Les limites légales du stockage de carburant pour les particuliers
En France, il n'est pas interdit de conserver du carburant à domicile, notamment pour alimenter des équipements comme une tondeuse, une tronçonneuse ou un groupe électrogène, à condition que ce produit soit destiné à un usage personnel et non à la revente. Cet usage est réglementé par l'arrêté du 1er juillet 2004, qui impose des restrictions sur la taille et la qualité des contenants pour réduire les risques. L'essence dégage en effet des vapeurs très volatiles qui peuvent s'enflammer rapidement au contact d'une source de chaleur ou d'une étincelle.

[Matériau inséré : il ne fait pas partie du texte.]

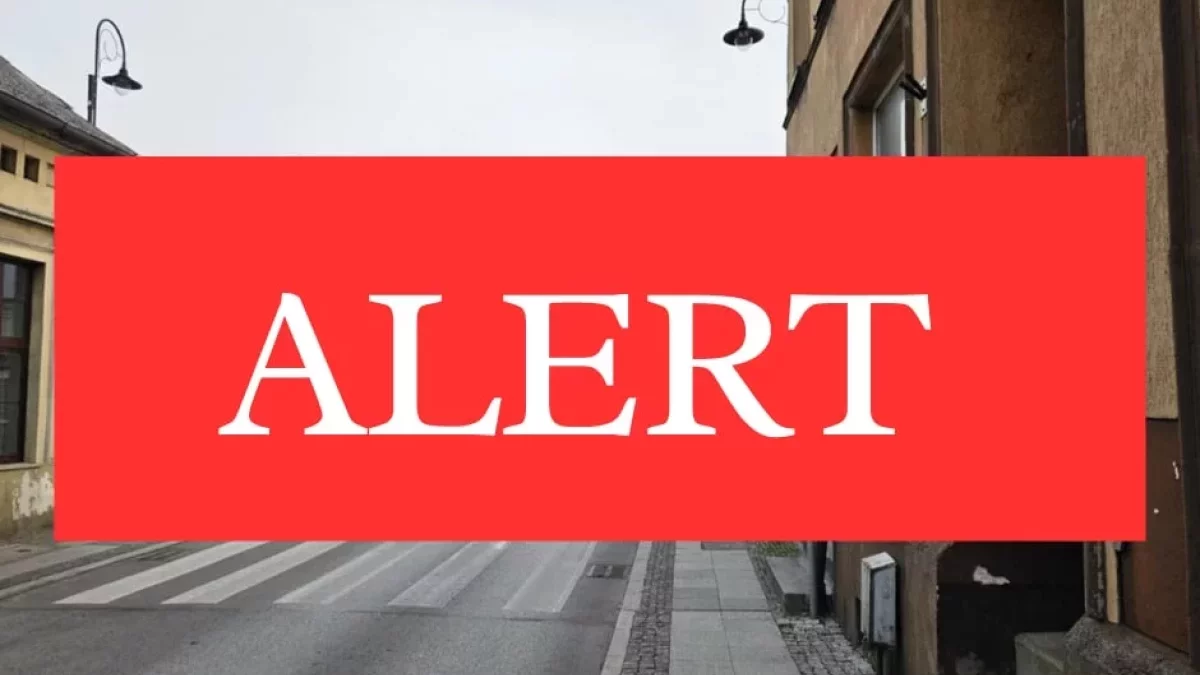 Pilne ostrzeżenie dla mieszkańców naszego regionu. Zacznie się w nocy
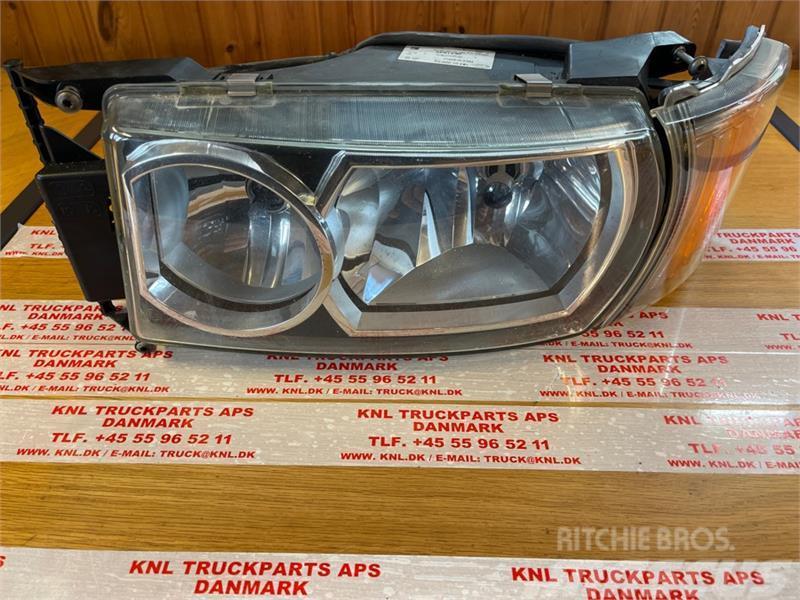 Scania SCANIA H7 LAMP 2241830 Andere Zubehörteile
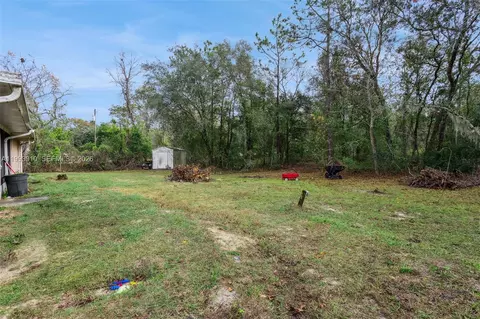 Exterior - 14170 SE 4th St, Williston, FL 32696 photo 10 of 10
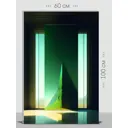 Картина на холсте First class images 101871М, 100x60 см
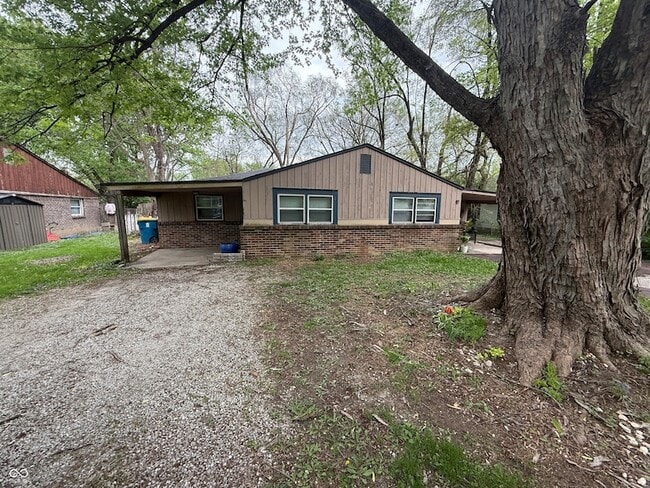 10633 Central Ave in Indianapolis, IN - Building Photo - Building Photo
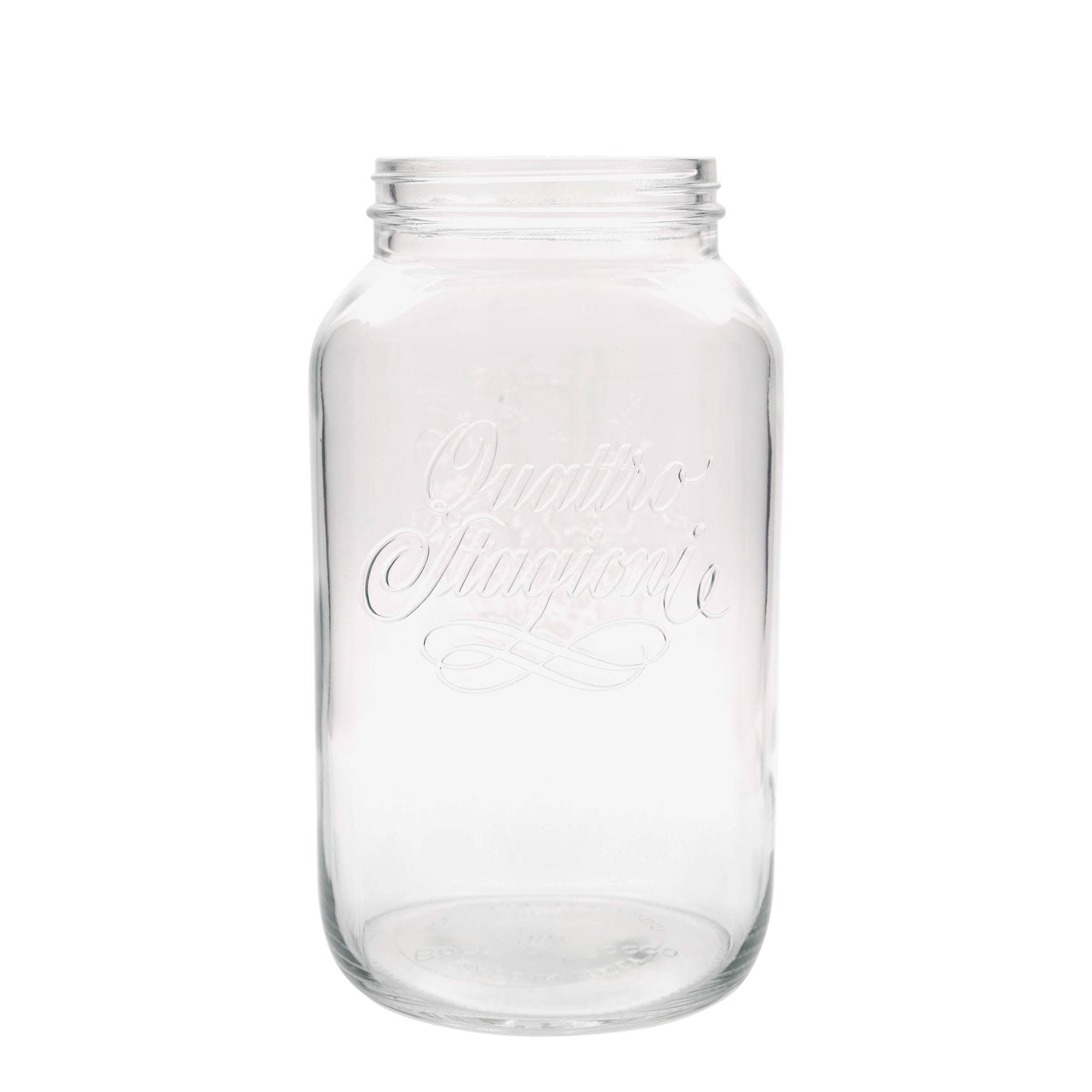 Pot 'Quattro Stagioni', 3800 ml, monding: schroefsluiting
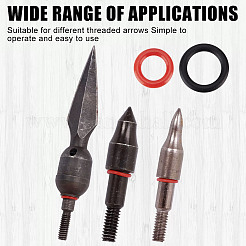 300шт 2-х цветная прокладка стрелки&nbsp;FIND-NB0005-50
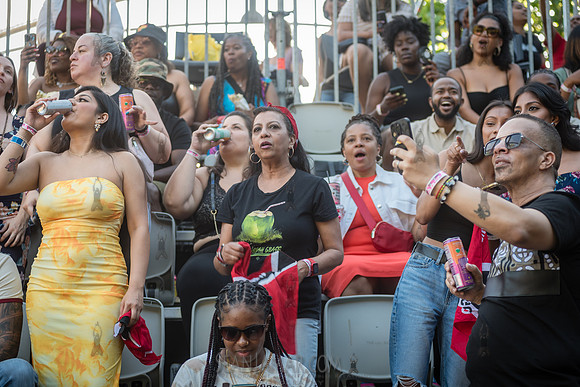 CPF SummerStage - Kes - Rumsey Playfield - NYC - 2024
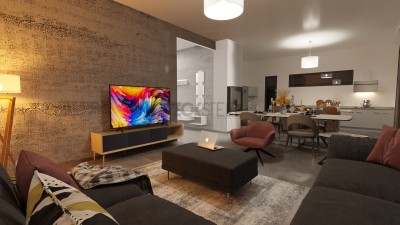 Smile Hafif Çelik House-340 m²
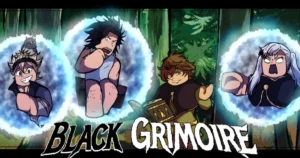 Códigos Black Grimoire para abril de 2026
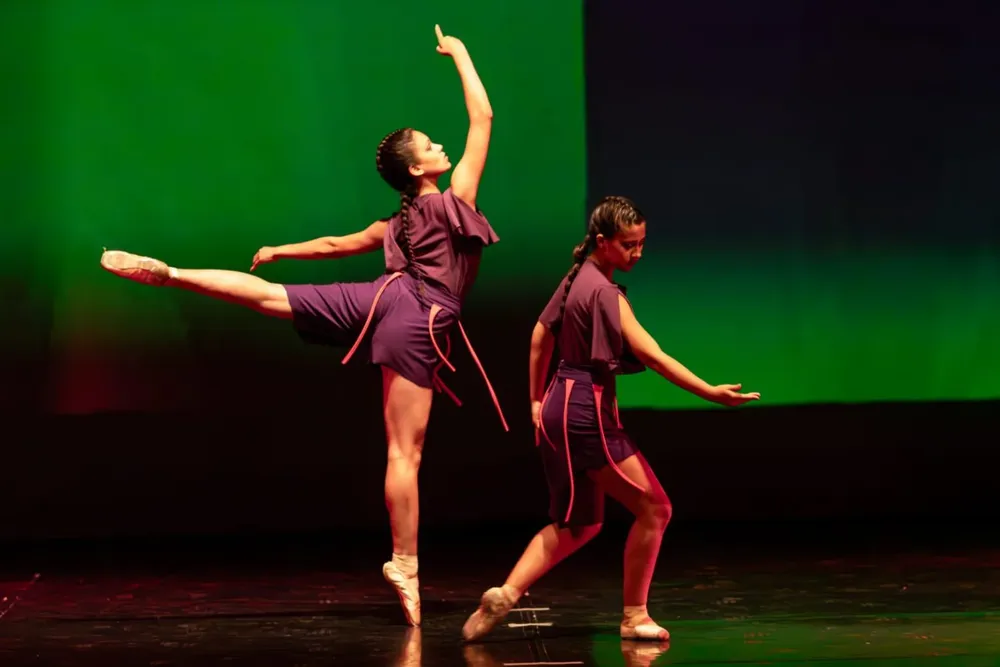 Escuela Taller de Danza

Pour le transport, la contenance des récipients, tels que les bidons et jerricans remplis en station-service, ne peut pas dépasser 60 litres. Ces contenants doivent être homologués pour le carburant, ce qui signifie qu'ils doivent être fabriqués dans des plastiques ou métaux spécifiques, et équipés d'un système de fermeture étanche.
Pour le stockage à domicile, la capacité totale ne doit pas excéder 120 litres par logement, avec des récipients d'un maximum de 50 litres chacun. Il est interdit d'entreposer le carburant dans les combles, sur les balcons, les terrasses ou dans les parties communes des immeubles, afin d'éviter l'accumulation de vapeurs inflammables. Il est également crucial de placer les bidons loin de toute source de chaleur ou de matières inflammables.
Les restrictions temporaires et les sanctions en cas de non-respect
Même si la loi autorise le stockage d'essence à domicile, cette possibilité peut être temporairement suspendue lors de crises d'approvisionnement. Par exemple, lors de la grève dans les raffineries en 2022, les préfets ont pris des arrêtés pour interdire la vente de carburant en jerrican dans les stations-service, visant à prévenir les achats de précaution qui aggraveraient les pénuries.
Ne pas respecter ces règles expose à des sanctions. En cas d'arrêté préfectoral spécifique, l'infraction peut conduire à une contravention de 4e classe, avec une amende pouvant atteindre 750 euros. Hors arrêté, le non-respect des quantités maximales ou des conditions de stockage peut entraîner une contravention de 5e classe, avec des amendes allant jusqu'à 1 500 euros, voire 3 000 euros en cas de récidive. Les autorités peuvent également exiger la mise en conformité ou la suppression du stock.
Dans les situations les plus graves, comme si un stockage illégal provoque un incendie ou met en danger autrui, la responsabilité civile ou pénale peut être engagée.
La conservation du carburant : durée et précautions
L'essence et le diesel ne se conservent pas indéfiniment. Les carburants achetés en station-service se dégradent progressivement avec le temps, surtout lorsqu'ils sont exposés à l'air et à la lumière. Selon TotalEnergies, l'essence commence généralement à perdre ses propriétés après trois à six mois, ce qui peut provoquer des démarrages difficiles ou un fonctionnement irrégulier du moteur. Le diesel, bien que plus stable, est sensible à l'humidité, favorisant la formation de micro-organismes et de sédiments qui peuvent obstruer les filtres à carburant.
Il est donc recommandé de ne stocker du carburant qu'en quantité strictement nécessaire et de l'utiliser rapidement, plutôt que de constituer des réserves importantes sur de longues périodes. Cette approche permet de minimiser les risques tout en répondant aux besoins ponctuels.